Write out each record below, word for word.

* * *

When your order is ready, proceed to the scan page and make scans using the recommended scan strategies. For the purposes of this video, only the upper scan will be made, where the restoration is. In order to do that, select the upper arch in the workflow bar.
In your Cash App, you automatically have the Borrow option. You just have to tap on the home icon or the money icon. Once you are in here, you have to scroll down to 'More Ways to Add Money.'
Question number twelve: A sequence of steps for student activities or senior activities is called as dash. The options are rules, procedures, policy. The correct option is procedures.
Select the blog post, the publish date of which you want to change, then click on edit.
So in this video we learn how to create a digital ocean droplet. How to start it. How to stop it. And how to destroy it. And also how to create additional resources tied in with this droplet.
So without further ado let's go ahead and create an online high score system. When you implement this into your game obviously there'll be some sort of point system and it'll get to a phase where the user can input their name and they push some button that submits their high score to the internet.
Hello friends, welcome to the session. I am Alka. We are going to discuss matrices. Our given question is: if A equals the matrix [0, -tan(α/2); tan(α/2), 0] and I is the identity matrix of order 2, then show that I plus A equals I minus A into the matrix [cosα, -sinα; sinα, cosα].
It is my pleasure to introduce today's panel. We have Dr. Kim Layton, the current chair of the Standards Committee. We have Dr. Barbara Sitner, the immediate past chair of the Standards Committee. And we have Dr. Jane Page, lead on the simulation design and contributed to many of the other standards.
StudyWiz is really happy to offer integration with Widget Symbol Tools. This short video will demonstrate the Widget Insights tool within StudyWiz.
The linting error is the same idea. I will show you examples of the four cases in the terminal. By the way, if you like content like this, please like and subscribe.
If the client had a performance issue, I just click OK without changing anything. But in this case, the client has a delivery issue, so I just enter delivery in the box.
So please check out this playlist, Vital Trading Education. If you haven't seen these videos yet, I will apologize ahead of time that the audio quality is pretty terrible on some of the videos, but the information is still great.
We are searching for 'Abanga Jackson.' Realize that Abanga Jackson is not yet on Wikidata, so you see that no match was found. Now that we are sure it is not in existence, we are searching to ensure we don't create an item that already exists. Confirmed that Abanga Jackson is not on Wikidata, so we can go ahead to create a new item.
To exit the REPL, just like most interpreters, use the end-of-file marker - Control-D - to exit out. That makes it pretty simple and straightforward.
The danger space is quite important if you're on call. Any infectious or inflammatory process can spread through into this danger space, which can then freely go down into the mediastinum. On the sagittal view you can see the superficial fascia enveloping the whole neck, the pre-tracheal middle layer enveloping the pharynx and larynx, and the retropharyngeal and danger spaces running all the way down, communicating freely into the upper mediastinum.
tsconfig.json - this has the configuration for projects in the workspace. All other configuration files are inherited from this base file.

* * *

§ TASK ANSWER
When your order is ready, proceed to the scan page and make scans using the recommended scan strategies. For the purposes of this video, only the upper scan will be made, where the restoration is. In order to do that, select the upper arch in the workflow bar.
In your Cash App, you automatically have the Borrow option. You just have to tap on the home icon or the money icon. Once you are in here, you have to scroll down to 'More Ways to Add Money.'
Question number twelve: A sequence of steps for student activities or senior activities is called as dash. The options are rules, procedures, policy. The correct option is procedures.
Select the blog post, the publish date of which you want to change, then click on edit.
So in this video we learn how to create a digital ocean droplet. How to start it. How to stop it. And how to destroy it. And also how to create additional resources tied in with this droplet.
So without further ado let's go ahead and create an online high score system. When you implement this into your game obviously there'll be some sort of point system and it'll get to a phase where the user can input their name and they push some button that submits their high score to the internet.
Hello friends, welcome to the session. I am Alka. We are going to discuss matrices. Our given question is: if A equals the matrix [0, -tan(α/2); tan(α/2), 0] and I is the identity matrix of order 2, then show that I plus A equals I minus A into the matrix [cosα, -sinα; sinα, cosα].
It is my pleasure to introduce today's panel. We have Dr. Kim Layton, the current chair of the Standards Committee. We have Dr. Barbara Sitner, the immediate past chair of the Standards Committee. And we have Dr. Jane Page, lead on the simulation design and contributed to many of the other standards.
StudyWiz is really happy to offer integration with Widget Symbol Tools. This short video will demonstrate the Widget Insights tool within StudyWiz.
The linting error is the same idea. I will show you examples of the four cases in the terminal. By the way, if you like content like this, please like and subscribe.
If the client had a performance issue, I just click OK without changing anything. But in this case, the client has a delivery issue, so I just enter delivery in the box.
So please check out this playlist, Vital Trading Education. If you haven't seen these videos yet, I will apologize ahead of time that the audio quality is pretty terrible on some of the videos, but the information is still great.
We are searching for 'Abanga Jackson.' Realize that Abanga Jackson is not yet on Wikidata, so you see that no match was found. Now that we are sure it is not in existence, we are searching to ensure we don't create an item that already exists. Confirmed that Abanga Jackson is not on Wikidata, so we can go ahead to create a new item.
To exit the REPL, just like most interpreters, use the end-of-file marker - Control-D - to exit out. That makes it pretty simple and straightforward.
The danger space is quite important if you're on call. Any infectious or inflammatory process can spread through into this danger space, which can then freely go down into the mediastinum. On the sagittal view you can see the superficial fascia enveloping the whole neck, the pre-tracheal middle layer enveloping the pharynx and larynx, and the retropharyngeal and danger spaces running all the way down, communicating freely into the upper mediastinum.
tsconfig.json - this has the configuration for projects in the workspace. All other configuration files are inherited from this base file.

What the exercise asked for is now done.